L’avocat reconnaît que depuis qu’il a déposé, au nom des victimes, cette action collective, l’archevêque de Montréal a constamment fait preuve d’«ouverture».
«Nous espérons que les autres organisations religieuses s’inspireront de l’attitude de ce dernier», a ajouté Me Arsenault. Le cabinet Arsenault Dufresne Wee Avocats mène actuellement des actions collectives pour agressions sexuelles contre dix congrégations religieuses et sept diocèses ou archidiocèses du Québec. Au moment de publier, Me Arsenault n’avait pas indiqué à Présence quels diocèses, congrégations ou leaders religieux étaient visés par sa déclaration.
Lettre d’excuses
Le jugement du 7 juillet 2023 précise que les victimes qui seront éligibles à une indemnité financière vont recevoir une lettre d’excuses signée par Mgr Christian Lépine.

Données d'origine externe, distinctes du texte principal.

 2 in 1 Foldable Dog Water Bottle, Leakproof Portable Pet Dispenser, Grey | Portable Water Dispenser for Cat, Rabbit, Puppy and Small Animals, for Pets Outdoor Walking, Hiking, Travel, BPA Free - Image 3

Après avoir expliqué que le «chèque que vous recevez provient de l’archidiocèse de Montréal», l’archevêque reconnaîtra que «cette somme d’argent ne pourra jamais faire disparaître toute la souffrance que vous avez subie».
«Nous vous demandons de nous pardonner pour les gestes commis», écrira aussi Mgr Lépine à chacune des victimes. «Recevez nos excuses sincères.»
Dans sa déclaration publique du 15 août, Mgr Lépine dit espérer «que les victimes pourront maintenant poursuivre plus sereinement le difficile processus de guérison».
«Le plus important est d’en être arrivé à une entente à l’amiable afin de renouveler l’espérance», ajoute l’archevêque.
Il rappelle que le 2 août, à son arrivée au Portugal pour les Journées mondiales de la jeunesse, le pape François a dénoncé une nouvelle fois les abus sexuels commis par des prêtres et des religieux, des «scandales qui ont défiguré le visage [de l’Église] et qui appellent à une purification humble, constante, en partant du cri de douleur des victimes, toujours à accueillir et à écouter».
Enfin, l’archevêque remercie toutes les personnes qui ont participé à cette action collective. Elles «nous permettent ainsi de marcher sur le chemin de la justice réparatrice», écrit-il.